- _What needs to be done_: Filter the entries down to the lines containing "Antibody", and copy those lines.

- _Records to use_:
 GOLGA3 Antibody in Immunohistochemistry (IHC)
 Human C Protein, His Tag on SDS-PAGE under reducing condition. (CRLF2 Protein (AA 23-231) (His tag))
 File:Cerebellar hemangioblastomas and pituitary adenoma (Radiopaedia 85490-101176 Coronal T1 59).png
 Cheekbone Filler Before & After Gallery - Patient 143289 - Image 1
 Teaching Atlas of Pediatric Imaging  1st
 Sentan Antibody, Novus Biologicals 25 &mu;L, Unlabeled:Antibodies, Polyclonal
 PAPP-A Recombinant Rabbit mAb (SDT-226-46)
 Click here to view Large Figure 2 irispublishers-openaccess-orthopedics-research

...

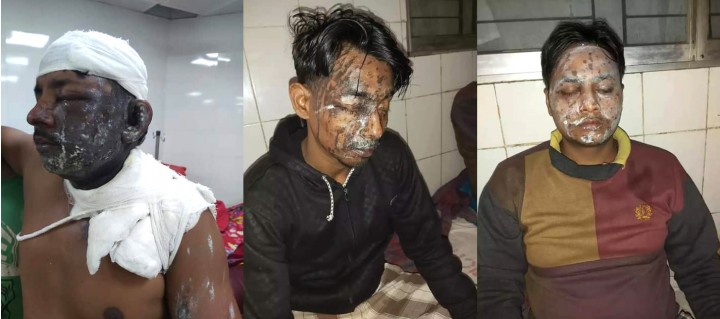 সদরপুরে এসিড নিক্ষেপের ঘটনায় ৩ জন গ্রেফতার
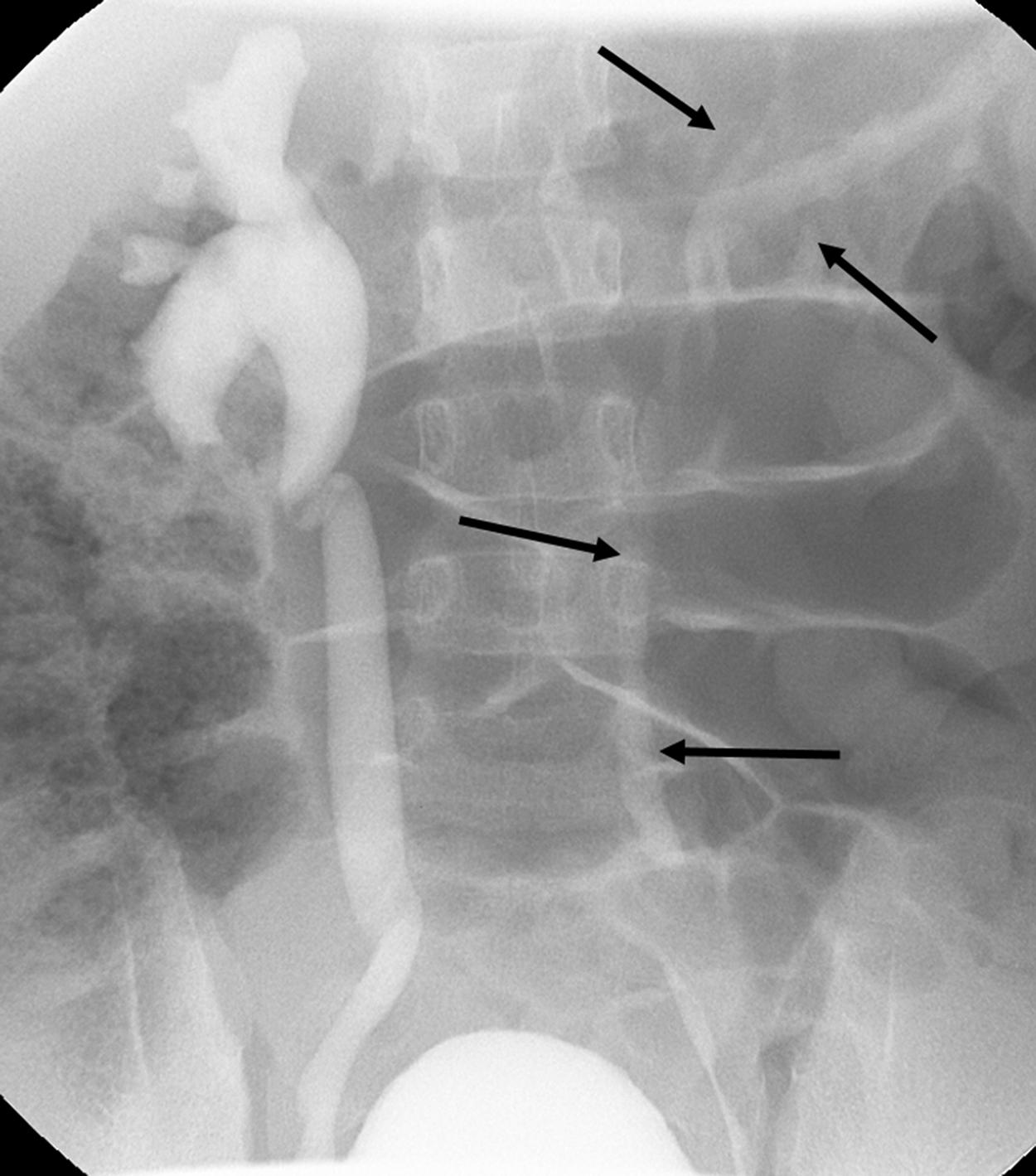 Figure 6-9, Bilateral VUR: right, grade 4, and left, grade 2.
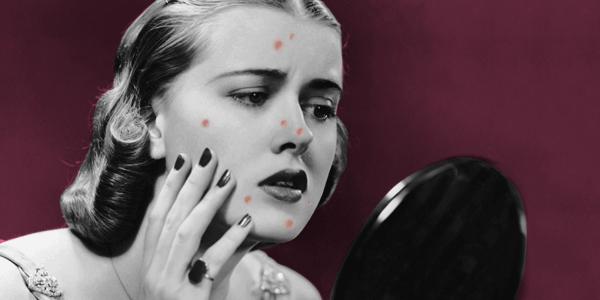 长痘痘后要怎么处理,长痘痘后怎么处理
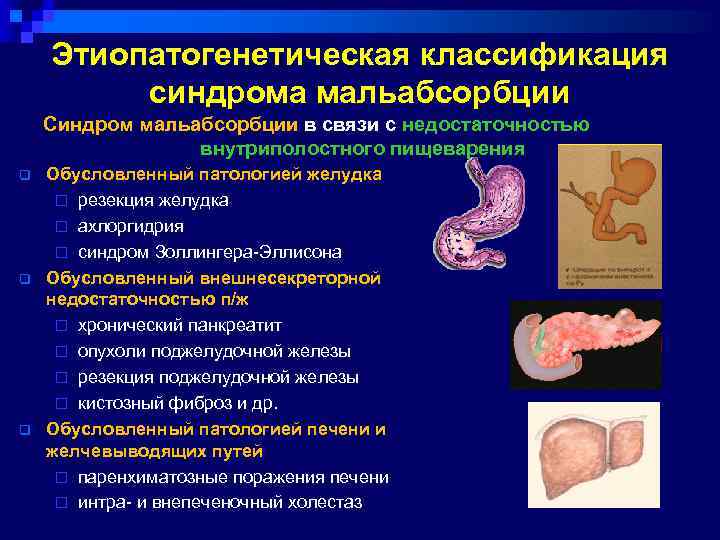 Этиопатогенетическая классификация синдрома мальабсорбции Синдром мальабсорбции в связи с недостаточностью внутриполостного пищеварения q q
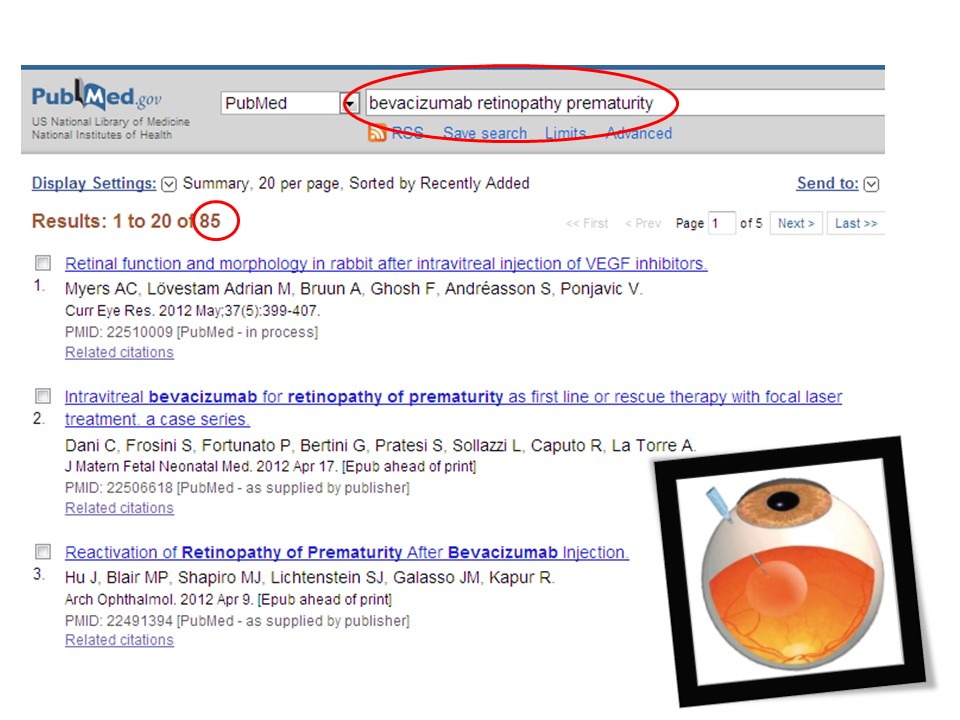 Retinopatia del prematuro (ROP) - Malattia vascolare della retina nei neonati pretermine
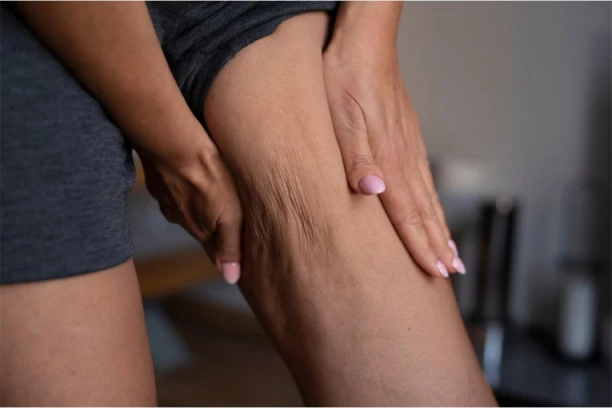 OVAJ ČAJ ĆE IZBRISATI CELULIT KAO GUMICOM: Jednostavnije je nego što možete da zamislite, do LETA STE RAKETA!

- _Result below_:
 GOLGA3 Antibody in Immunohistochemistry (IHC)
 Sentan Antibody, Novus Biologicals 25 &mu;L, Unlabeled:Antibodies, Polyclonal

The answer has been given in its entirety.